Until the mid 1970s Lachmann was known to Americans only through his writings, and his influence on American economics was not great. But in 1974 he was one of three lecturers featured at a conference on Austrian economics held in South Royalton, Vermont and sponsored by the Institute for Humane Studies. Beginning in 1975 and largely as a result of the South Royalton lectures, Professor Lachmann has taught each spring semester at New York University, returning to Johannesburg for the remainder of the year.(1)
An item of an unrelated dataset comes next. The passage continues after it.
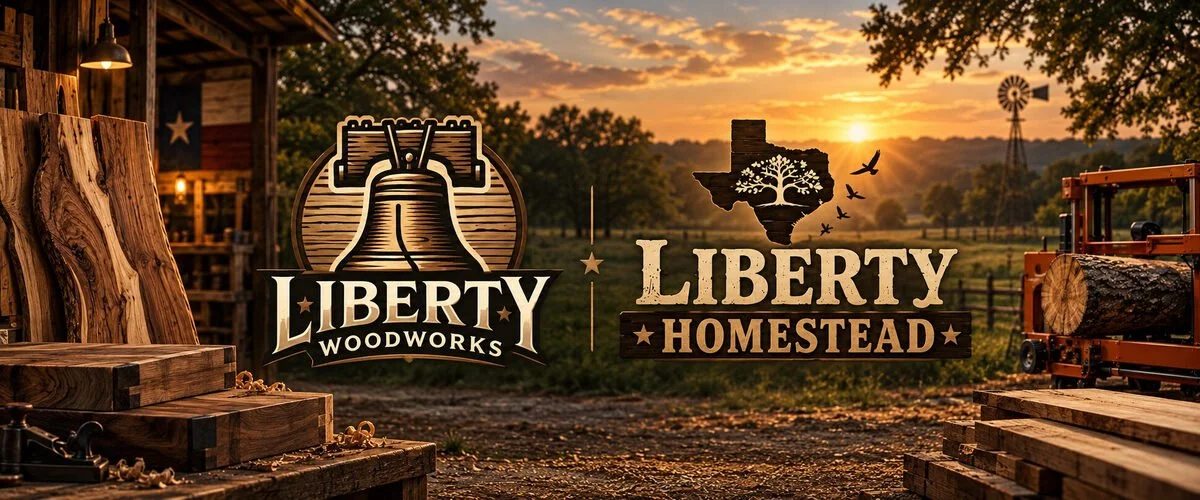 Liberty Woodworks and Liberty Homestead dual-brand banner with woodworking, sawmill, and North Texas homestead scene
The Market as an Economic Process, itself the result of a process that began several years ago, serves as the major focus of this review. A second volume, Subjectivism, Intelligibility, and Economic Understanding: Essays in Honor of Ludwig M. Lachmann on his Eightieth Birthday (New York: New York University Press, 1986), plays a minor role. Because of the diversity of the twenty three papers that make up this birthday offering, no comprehensive account can be undertaken. But two of those papers, one by the reviewer, will aid in linking the arguments in Lachmann's own book to an important issue that has captured the attention of Lachmann and his readers for the last several years: the presence—or absence—in the market process of a tendency toward equilibrium. But before dealing with this or any other substantive issue, let me focus attention on Lachmann's vision (as Joseph Schumpeter used the term) of the market economy.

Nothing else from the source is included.